Directions>
Below are some entries; reproduce them exactly and leave every picture out.

Records to use Block Start

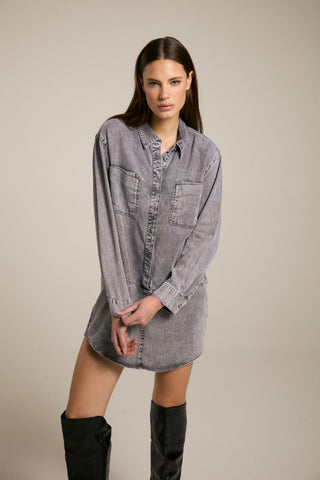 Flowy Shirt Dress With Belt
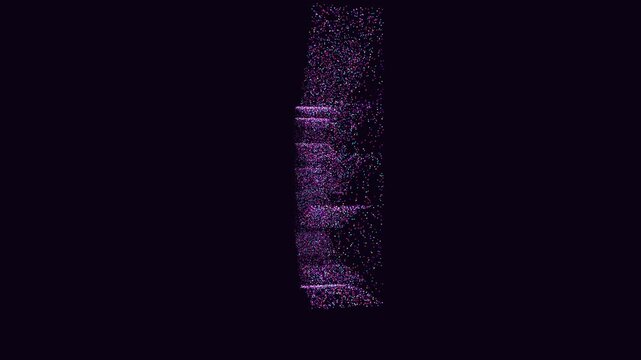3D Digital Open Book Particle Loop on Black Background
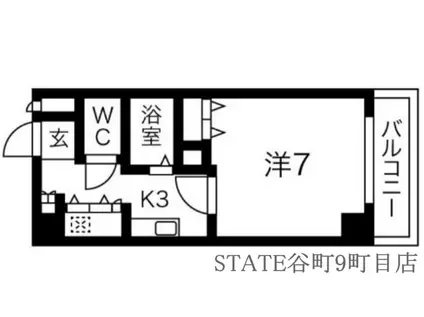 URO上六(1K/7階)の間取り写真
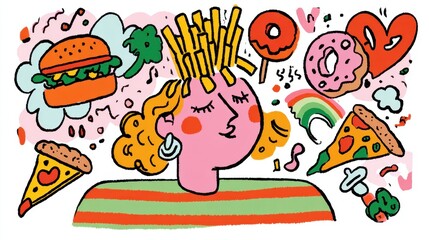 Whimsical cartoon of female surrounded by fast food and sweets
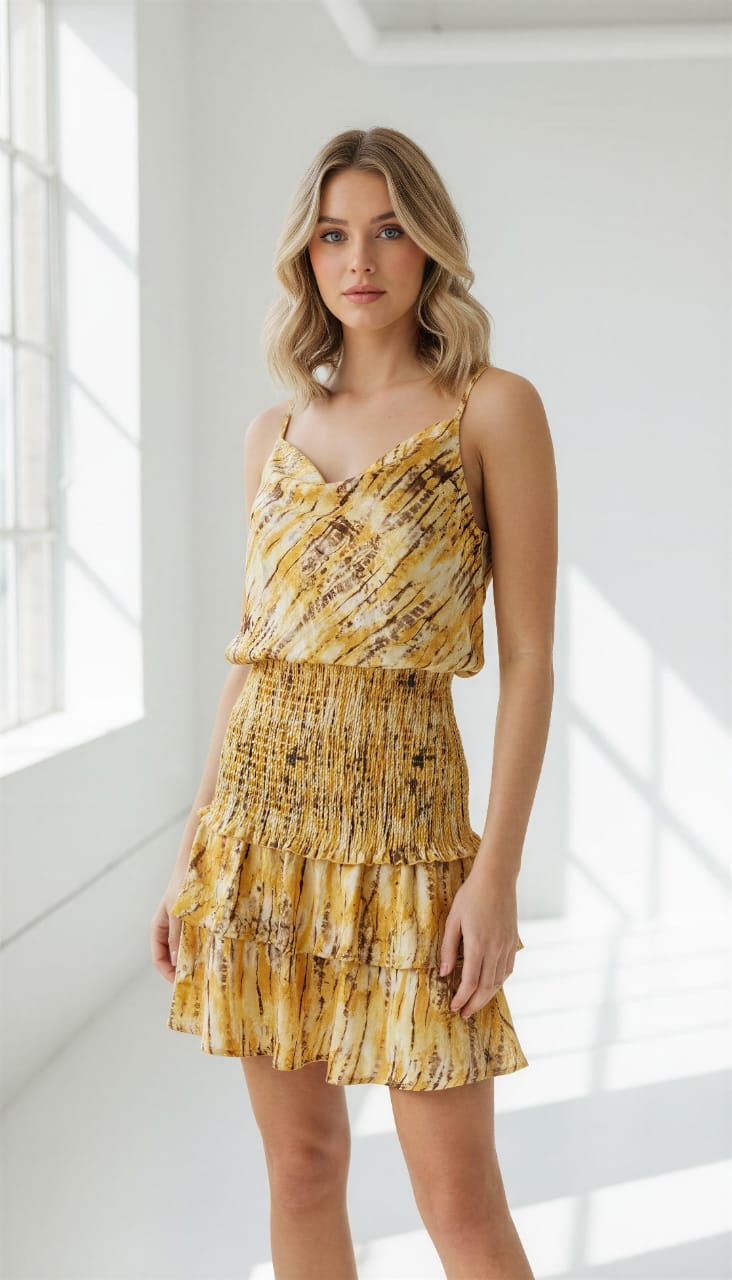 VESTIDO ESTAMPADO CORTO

Records to use Block End

Result below>
 Flowy Shirt Dress With Belt
3D Digital Open Book Particle Loop on Black Background
 URO上六(1K/7階)の間取り写真
 Whimsical cartoon of female surrounded by fast food and sweets
 VESTIDO ESTAMPADO CORTO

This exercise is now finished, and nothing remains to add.